The coast is highly dynamic. A particular beach-dune system can show extensive change in just a few hours as a result of a single storm so the extent of change in a coastal landscape over the course of a human lifetime can be remarkable. These changes reflect the sensitivity of the coastal margin to changes in climate, sediment supply, sea level and, particularly over the last century, human activity (Hansom & Rennie, 2004).
Having experienced widespread and dramatic change in recent decades, Montrose Bay is a particularly good example of a dynamic coastline. Since the 1980s there has been persistent beach-dune erosion at the southern end of the bay. This has most notably resulted in 10s of meters of shoreline retreat in the dunes fronting the Montrose Medal Links golf course. The unstable, scarped dunes at this location are a signature of this on-going erosion.

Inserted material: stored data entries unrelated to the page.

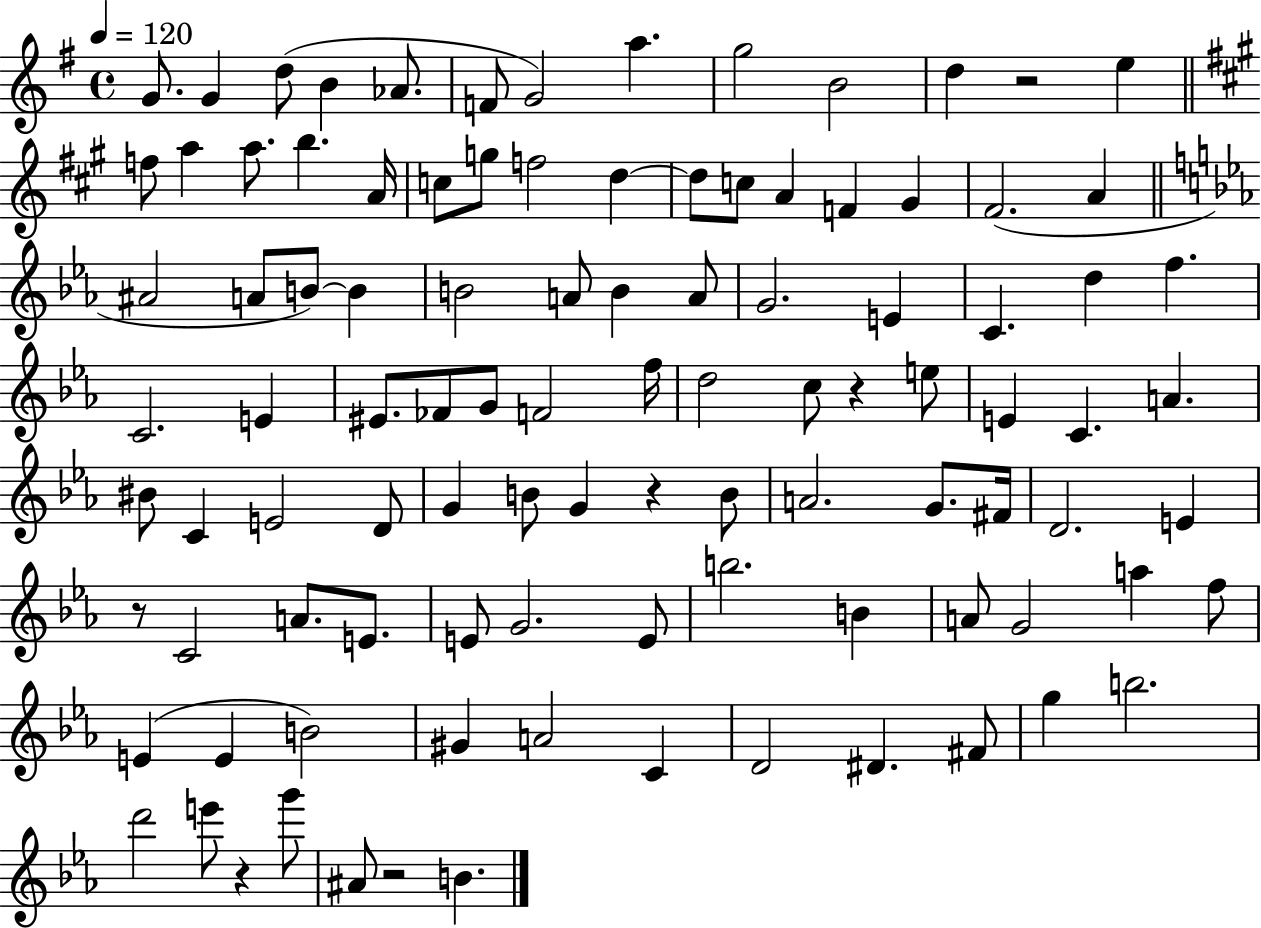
{
  \clef treble
  \time 4/4
  \defaultTimeSignature
  \key g \major
  \tempo 4 = 120
  g'8. g'4 d''8( b'4 aes'8. | f'8 g'2) a''4. | g''2 b'2 | d''4 r2 e''4 | \break \bar "||" \break \key a \major f''8 a''4 a''8. b''4. a'16 | c''8 g''8 f''2 d''4~~ | d''8 c''8 a'4 f'4 gis'4 | fis'2.( a'4 | \break \bar "||" \break \key c \minor ais'2 a'8 b'8~~) b'4 | b'2 a'8 b'4 a'8 | g'2. e'4 | c'4. d''4 f''4. | \break c'2. e'4 | eis'8. fes'8 g'8 f'2 f''16 | d''2 c''8 r4 e''8 | e'4 c'4. a'4. | \break bis'8 c'4 e'2 d'8 | g'4 b'8 g'4 r4 b'8 | a'2. g'8. fis'16 | d'2. e'4 | \break r8 c'2 a'8. e'8. | e'8 g'2. e'8 | b''2. b'4 | a'8 g'2 a''4 f''8 | \break e'4( e'4 b'2) | gis'4 a'2 c'4 | d'2 dis'4. fis'8 | g''4 b''2. | \break d'''2 e'''8 r4 g'''8 | ais'8 r2 b'4. | \bar "|."
}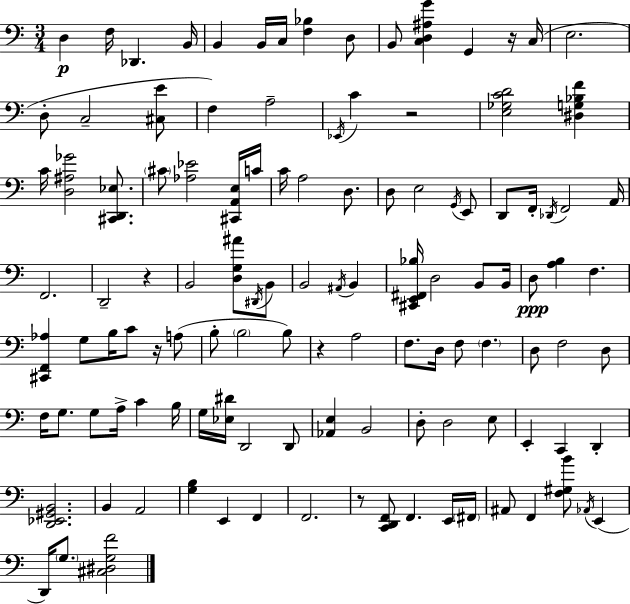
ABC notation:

X:1
T:Untitled
M:3/4
L:1/4
K:C
D, F,/4 _D,, B,,/4 B,, B,,/4 C,/4 [F,_B,] D,/2 B,,/2 [C,D,^A,G] G,, z/4 C,/4 E,2 D,/2 C,2 [^C,E]/2 F, A,2 _E,,/4 C z2 [E,_G,CD]2 [^D,G,_B,F] C/4 [D,^A,_G]2 [^C,,D,,_E,]/2 ^C/2 [_A,_E]2 [^C,,A,,E,]/4 C/4 C/4 A,2 D,/2 D,/2 E,2 G,,/4 E,,/2 D,,/2 F,,/4 _D,,/4 F,,2 A,,/4 F,,2 D,,2 z B,,2 [D,G,^A]/2 ^D,,/4 B,,/2 B,,2 ^A,,/4 B,, [^C,,E,,^F,,_B,]/4 D,2 B,,/2 B,,/4 D,/2 [A,B,] F, [^C,,F,,_A,] G,/2 B,/4 C/2 z/4 A,/2 B,/2 B,2 B,/2 z A,2 F,/2 D,/4 F,/2 F, D,/2 F,2 D,/2 F,/4 G,/2 G,/2 A,/4 C B,/4 G,/4 [_E,^D]/4 D,,2 D,,/2 [_A,,E,] B,,2 D,/2 D,2 E,/2 E,, C,, D,, [D,,_E,,^G,,B,,]2 B,, A,,2 [G,B,] E,, F,, F,,2 z/2 [C,,D,,F,,]/2 F,, E,,/4 ^F,,/4 ^A,,/2 F,, [F,^G,B]/2 _A,,/4 E,, D,,/4 G,/2 [^C,^D,G,F]2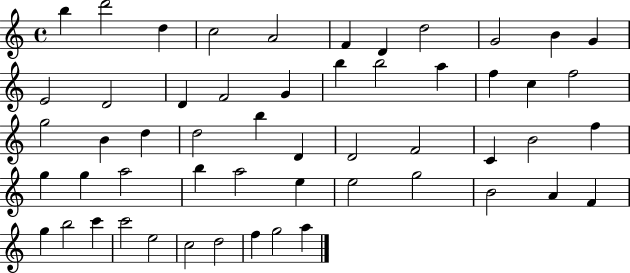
{
  \clef treble
  \time 4/4
  \defaultTimeSignature
  \key c \major
  b''4 d'''2 d''4 | c''2 a'2 | f'4 d'4 d''2 | g'2 b'4 g'4 | \break e'2 d'2 | d'4 f'2 g'4 | b''4 b''2 a''4 | f''4 c''4 f''2 | \break g''2 b'4 d''4 | d''2 b''4 d'4 | d'2 f'2 | c'4 b'2 f''4 | \break g''4 g''4 a''2 | b''4 a''2 e''4 | e''2 g''2 | b'2 a'4 f'4 | \break g''4 b''2 c'''4 | c'''2 e''2 | c''2 d''2 | f''4 g''2 a''4 | \break \bar "|."
}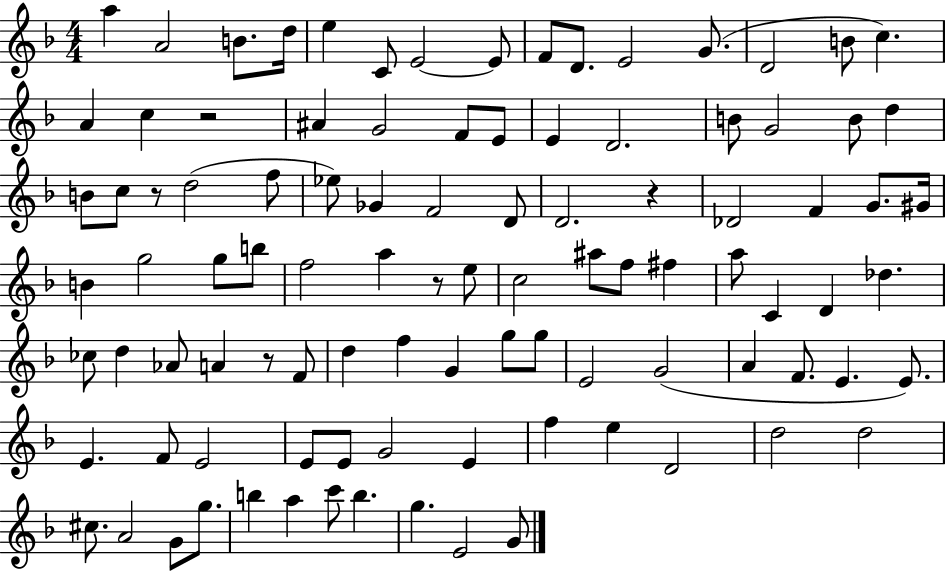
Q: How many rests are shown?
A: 5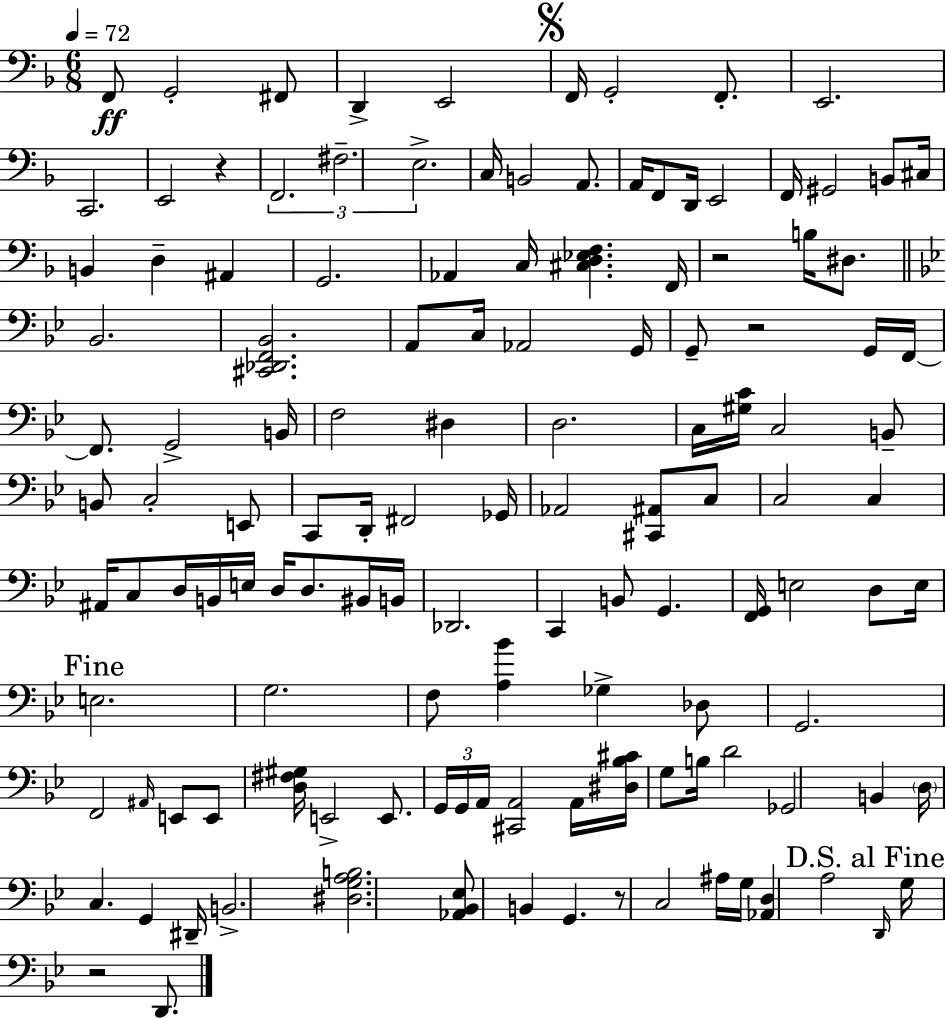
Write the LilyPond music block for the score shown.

{
  \clef bass
  \numericTimeSignature
  \time 6/8
  \key d \minor
  \tempo 4 = 72
  f,8\ff g,2-. fis,8 | d,4-> e,2 | \mark \markup { \musicglyph "scripts.segno" } f,16 g,2-. f,8.-. | e,2. | \break c,2. | e,2 r4 | \tuplet 3/2 { f,2. | fis2.-- | \break e2.-> } | c16 b,2 a,8. | a,16 f,8 d,16 e,2 | f,16 gis,2 b,8 cis16 | \break b,4 d4-- ais,4 | g,2. | aes,4 c16 <cis d ees f>4. f,16 | r2 b16 dis8. | \break \bar "||" \break \key bes \major bes,2. | <cis, des, f, bes,>2. | a,8 c16 aes,2 g,16 | g,8-- r2 g,16 f,16~~ | \break f,8. g,2-> b,16 | f2 dis4 | d2. | c16 <gis c'>16 c2 b,8-- | \break b,8 c2-. e,8 | c,8 d,16-. fis,2 ges,16 | aes,2 <cis, ais,>8 c8 | c2 c4 | \break ais,16 c8 d16 b,16 e16 d16 d8. bis,16 b,16 | des,2. | c,4 b,8 g,4. | <f, g,>16 e2 d8 e16 | \break \mark "Fine" e2. | g2. | f8 <a bes'>4 ges4-> des8 | g,2. | \break f,2 \grace { ais,16 } e,8 e,8 | <d fis gis>16 e,2-> e,8. | \tuplet 3/2 { g,16 g,16 a,16 } <cis, a,>2 | a,16 <dis bes cis'>16 g8 b16 d'2 | \break ges,2 b,4 | \parenthesize d16 c4. g,4 | dis,16-- b,2.-> | <dis g a b>2. | \break <aes, bes, ees>8 b,4 g,4. | r8 c2 ais16 | g16 <aes, d>4 a2 | \mark "D.S. al Fine" \grace { d,16 } g16 r2 d,8. | \break \bar "|."
}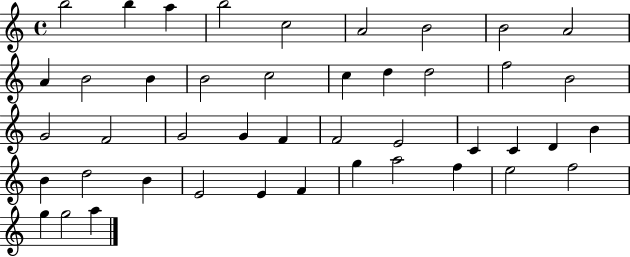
X:1
T:Untitled
M:4/4
L:1/4
K:C
b2 b a b2 c2 A2 B2 B2 A2 A B2 B B2 c2 c d d2 f2 B2 G2 F2 G2 G F F2 E2 C C D B B d2 B E2 E F g a2 f e2 f2 g g2 a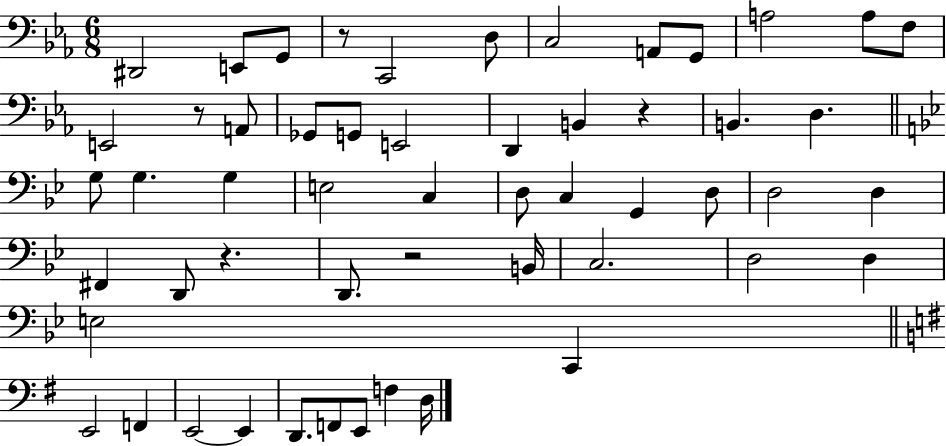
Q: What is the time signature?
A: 6/8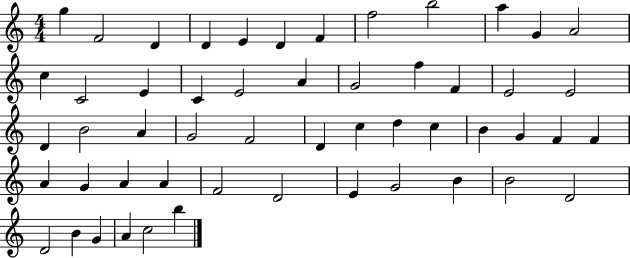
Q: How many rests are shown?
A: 0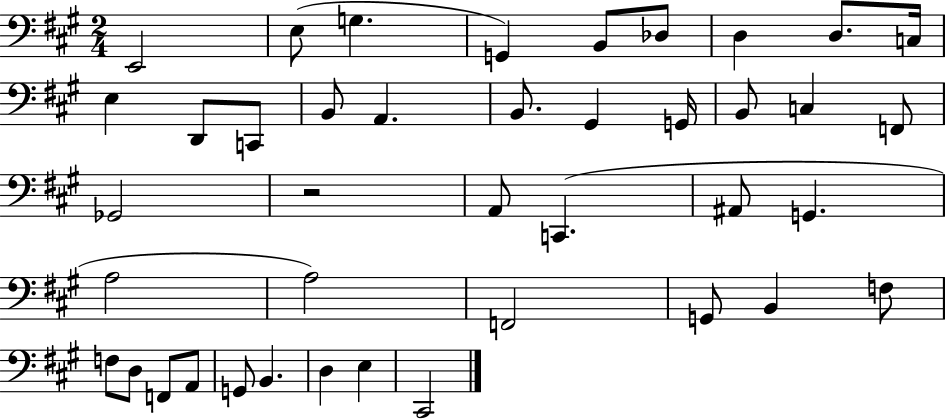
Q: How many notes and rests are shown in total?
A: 41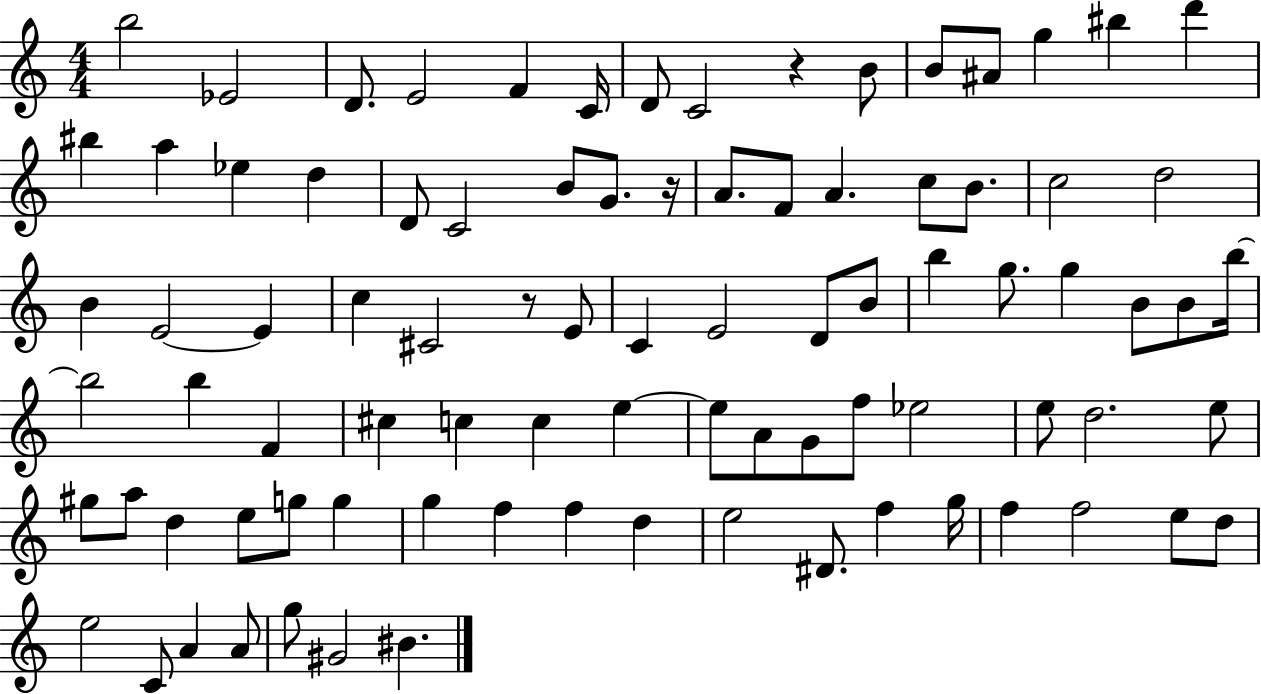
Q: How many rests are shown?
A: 3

Meanwhile, towards the northern end of the Bay at St Cyrus, the beach has been gradually building up over the same period of time. This has resulted in the development of a healthy and growing dune belt in sharp contrast to that in the south.
What has caused this pattern of coastal change? At any given site there is normally a range of contributory factors to erosion, both natural and man-made. However, in exposed, sandy coastal systems such as Montrose Bay, the wave-driven transport of sediment along the beach, known as longshore drift, usually exerts an overriding control on erosion and accretion. Thus, in recent years a dominant northward transfer of sediment in the bay via longshore drift has resulted in the current trend of erosion at the south of the bay, and growth in the north.
There is an old adage used in coastal geoscience which sums up perfectly the influence of longshore drift on shoreline evolution: one beach’s loss is another beach’s gain. This certainly rings true for Montrose Bay!
Hansom, J.D. & Rennie, A.F. 2004. Establishing the rate and sense of medium term coastal changes: St. Cyrus, Scotland. Littoral 2004. 20-22 September. Aberdeen. Scotland.